I've come to believe that there are not two, but three things one can't avoid: death, taxes and … spectacles (the ocular type). Of course, not everyone ends up with windows on their eyes, and I never thought in my boisterous years I would be one of those types. But that was all prior to qualifying for the Wednesday senior discount at John Brooks.

Some people live to a ripe old age and never need glasses, and people say, “You are lucky to not have to wear glasses.” I really can't agree with that statement because that means the rest of us are unlucky. Unless you are blessed with the luck of the Irish, of course.

My first try at glasses was 15 years ago when my wife and I made the three and a half hour drive down to the border town of Palomas, Mexico. The optometrist on the plaza behind the Pink Store tested my eyes and by the time we left a couple of hours later I was sporting $100 bifocals...which, I came to realize, I didn't really need, and which I just quit wearing after a couple of months.

Next was catch-as-catch-can reading glasses that, being blundering at this sort of thing, never quite worked for me. It was only after getting my peepers checked at Dr. Woodward’s and then at the vision place that used to be in Gabaldon Plaza, I went back to off-the-shelf reading glasses. Next time it will be Laura County checking my eyes.

We’re nearing the middle of March and the blessed end of winter - at least on the calendar - and I have to admit I feel like I’ve single-handedly been keeping the coffee business in the black this week. This whole starting work an hour earlier thing is...yawn…never pretty and bad hair day is the usual look for me.

I am, however, looking forward to sipping a pint of green Guinness with some green food, and I’m not talking about that unidentifiable green moldy thing in the fridge.

No, the “wearin’ o’ the green” is coming up this Sunday; St. Patrick’s Day, when a lot of folks lay claim to Irish ancestry and go around pinching people who don’t wear green. Well, not everybody. For my mother’s side McCafferty ancestors who immigrated from County Fermanagh in Northern Ireland, they may have preferred to wear orange instead on Saint Paddy’s day. From what I’ve been told, the wearing of green traditionally applies to Irish Catholics, as opposed to the “wearin’ o’ the orange” which applies to Irish Protestants, the minority religion on the whole Emerald Isle, mainly in the aformentioned Northern Ireland. I’m not sure how relevant it is today since the days of William of Orange are long gone, but the color orange is, in fact, one-third of the Irish flag.

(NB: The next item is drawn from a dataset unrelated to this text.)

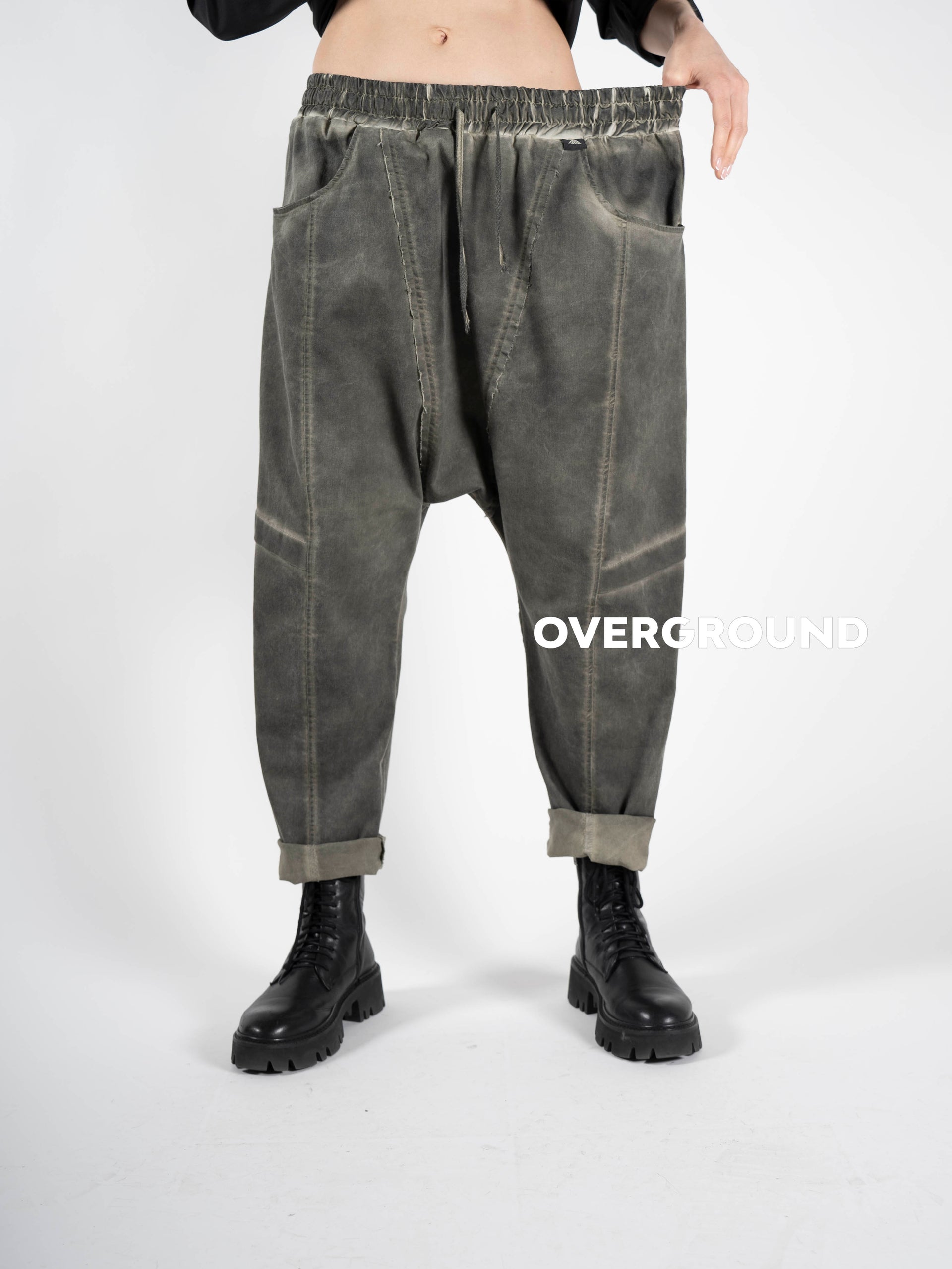 PANTALONE OVER CAVALLO BASSO CON CUCITURE - OVERGROUND STORE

I don’t know if St. Patrick himself had a green or orange coordinated outfit, but I doubt it since it was the 400s when Christians were simply...well, Christians. Anyhow, Saint Patrick’s Day, I like to think, is for the masses and people of all colors and creeds should take part in the festivities.

I guess that means don’t pinch if someone is wearing orange. And don’t punch anybody either. Pinching is a custom that I thought would fade away after fifth grade, but apparently, a good number of grown-up people still get a kick out of it. Legend has it that if you wear green you can't be seen by fairies and leprechauns, so if you're not wearing green, people have the responsibility of pinching you to remind you to be on the lookout, lest a leprechaun sneaks up on you and steals your gold.

Of course, that whole pinching thing could backfire on you. Better yet, wear a “Kiss Me, I'm Irish” pin, put on a goofy green plastic hat and dance a jig. If you don’t jig, clogging might suffice.

And since March 17 is also National Irish Food Day, the first thing that pops into my head is green chile. While having nothing whatsoever to do with Ireland, I figure it might spice up my roast beef and cabbage.

Besides, as far as I know, there’s no orange chile.